- _Required action_:
Beginning at the line that holds "Полосатая куртка с", copy the material below exactly through its last line.
(Records provided begins)
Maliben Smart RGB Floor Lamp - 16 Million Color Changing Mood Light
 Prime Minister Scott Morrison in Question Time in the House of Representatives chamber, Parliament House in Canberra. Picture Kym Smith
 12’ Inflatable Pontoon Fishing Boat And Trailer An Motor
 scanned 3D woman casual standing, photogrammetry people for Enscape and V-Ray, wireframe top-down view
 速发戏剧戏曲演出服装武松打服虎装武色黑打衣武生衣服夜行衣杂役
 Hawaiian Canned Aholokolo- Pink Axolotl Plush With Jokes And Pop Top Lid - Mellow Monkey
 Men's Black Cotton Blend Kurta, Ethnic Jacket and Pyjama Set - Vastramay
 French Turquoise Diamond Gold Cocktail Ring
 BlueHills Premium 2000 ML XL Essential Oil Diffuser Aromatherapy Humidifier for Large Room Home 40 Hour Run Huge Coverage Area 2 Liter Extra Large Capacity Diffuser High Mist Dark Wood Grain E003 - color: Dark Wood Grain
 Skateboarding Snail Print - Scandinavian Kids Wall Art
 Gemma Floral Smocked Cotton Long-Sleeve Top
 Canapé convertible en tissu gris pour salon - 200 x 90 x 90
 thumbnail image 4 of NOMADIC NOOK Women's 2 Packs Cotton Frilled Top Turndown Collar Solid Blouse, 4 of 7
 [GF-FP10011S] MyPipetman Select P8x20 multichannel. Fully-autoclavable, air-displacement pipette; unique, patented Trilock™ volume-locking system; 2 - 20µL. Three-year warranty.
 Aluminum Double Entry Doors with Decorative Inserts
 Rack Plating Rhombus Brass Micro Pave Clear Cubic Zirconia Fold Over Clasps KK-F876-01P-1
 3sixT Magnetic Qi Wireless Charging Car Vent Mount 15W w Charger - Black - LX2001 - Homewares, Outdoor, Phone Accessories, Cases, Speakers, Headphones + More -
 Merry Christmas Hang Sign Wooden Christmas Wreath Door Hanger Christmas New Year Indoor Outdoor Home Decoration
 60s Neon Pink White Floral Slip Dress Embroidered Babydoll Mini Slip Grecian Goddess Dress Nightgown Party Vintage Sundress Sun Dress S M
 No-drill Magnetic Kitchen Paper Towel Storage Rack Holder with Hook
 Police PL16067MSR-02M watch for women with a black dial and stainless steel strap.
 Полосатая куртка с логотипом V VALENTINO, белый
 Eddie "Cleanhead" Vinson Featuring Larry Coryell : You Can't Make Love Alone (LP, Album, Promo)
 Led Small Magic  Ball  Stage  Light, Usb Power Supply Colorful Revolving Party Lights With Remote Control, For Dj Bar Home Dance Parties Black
(Records provided ends)
- _Result_:
 Полосатая куртка с логотипом V VALENTINO, белый
 Eddie "Cleanhead" Vinson Featuring Larry Coryell : You Can't Make Love Alone (LP, Album, Promo)
 Led Small Magic  Ball  Stage  Light, Usb Power Supply Colorful Revolving Party Lights With Remote Control, For Dj Bar Home Dance Parties Black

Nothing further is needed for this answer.